↓

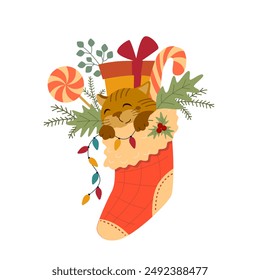 Funny sleeping cat in a Christmas stocking among gift box, garland, lollipops, fir branches and sweets. Happy holiday New Year card. Nice winter print isolated on a white background. 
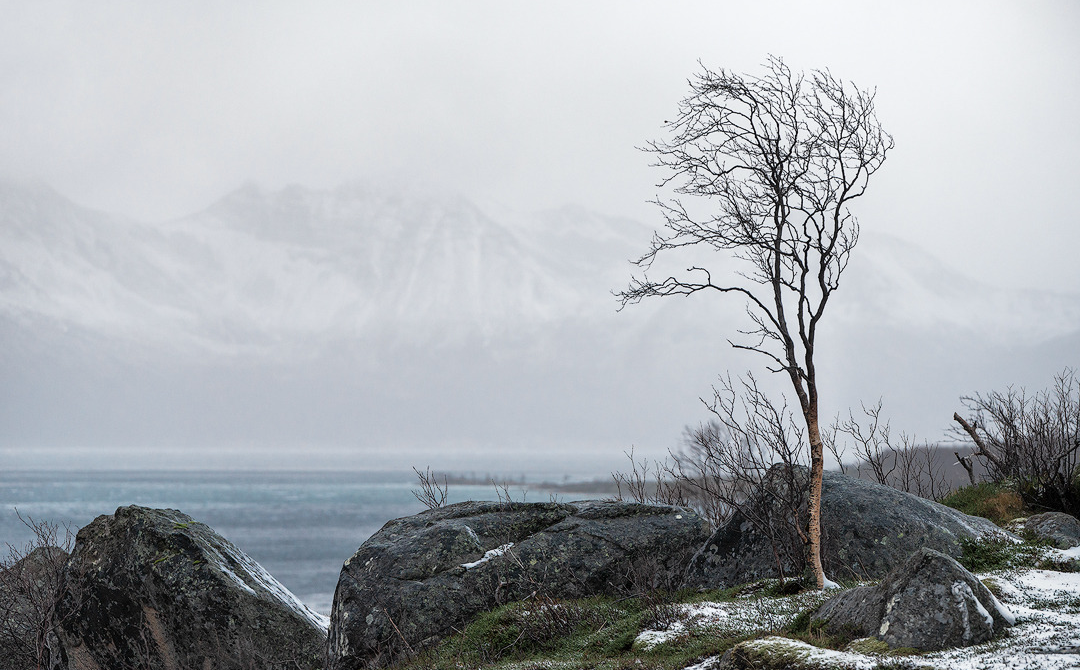 Grotfjord - Norway, 2024. (3/3) Blank Meme Template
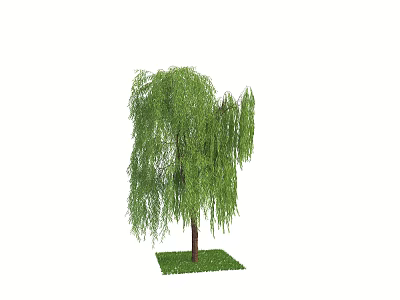 Weeping Willow Tree With Lush Green Drooping Branches And Grassy Base 3d model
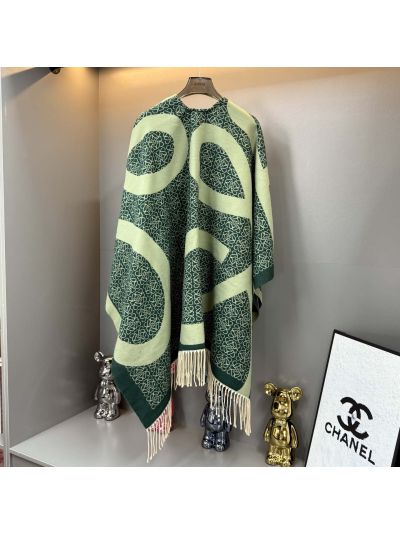 Loewe Fringe Oversized Knit Top in Green and Beige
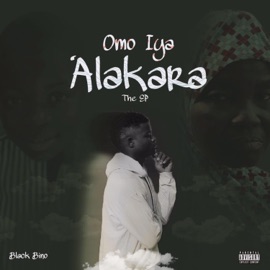 Internet (feat. John Dee) Black Bino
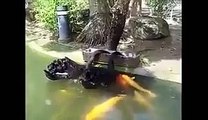 ducks feed fishes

↑

What to work on:
Copy exactly what appears from the line holding "Internet (feat. John Dee) Black Bino" to the end of the material, keeping both end lines. Pictures are not part of the copy.

Expected output:
 Internet (feat. John Dee) Black Bino
 ducks feed fishes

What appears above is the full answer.